Snap.lxd.daemon fails to reload

LXD daemon became unresponsive while containers were still running during a server uptime of 15+ days.

Currently unsure what further troubleshooting steps to take next. LXD on this server contains firewall/router/dhcp functions along with a number of other production services which are down since the server reboot.

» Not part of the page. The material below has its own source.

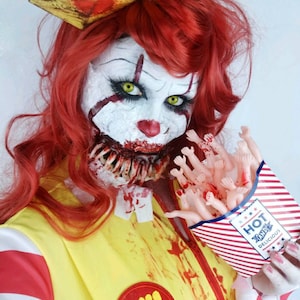 Puede incluir: Un disfraz de payaso aterrador con pelo rojo, pintura facial blanca y un sombrero de barco de papel. El atuendo incluye un chaleco amarillo con rayas rojas y un emblema rojo. El payaso sostiene una caja de extremidades de muñeca.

Exact failure date/time unknown because containers & services continued to function after the daemon/socket failure. Logged in to handle an administration task within a container and found:
root@r910n01:~# lxc list
LXD socket not found; is LXD installed and running?

OS: Ubuntu 16.04

  • lxc --version
  • 3.0.0.beta6

root@r910n01:~# snap list --all core
Name Version Rev Developer Notes
core 16-2.31 4017 canonical core,disabled
core 16-2.31.1 4110 canonical core,disabled
core 16-2.31.2 4206 canonical core

Gist of troubleshooting to date

0 systemctl reload snap.lxd.daemon
1 systemctl status snap.lxd.daemon
2 journalctl -u snap.lxd.daemon
3 journalctl -xe
4 lxc list
5 cat /var/snap/lxd/common/lxd/logs/lxd.log
6 snap revert lxd
7 reboot

Logs and output here:

[EDIT: Additional info]
lxc_info_–debug ==
snap info lxd ==
.setup_mode file check ==
zpool check ==

This got resolved on IRC, for anyone with similar issues, the short version of the fix was:

  • systemctl stop snap.lxd.daemon
  • cp /var/snap/lxd/common/lxd/lxd.db.bak /var/snap/lxd/common/lxd/lxd.db.good
  • cp /var/snap/lxd/common/lxd/lxd.db.bak /var/snap/lxd/common/lxd/lxd.db
  • rm -rf /var/snap/lxd/common/lxd/raft
  • systemctl start snap.lxd.daemon

This effectively reverts the database to its last backup and then causes LXD to re-upgrade to the new database format (raft). This should only ever be needed if your system broke when upgrading to one of the first LXD betas.

Should those steps not restore all your containers for some reason, you should be able to lxd import whatever containers are missing.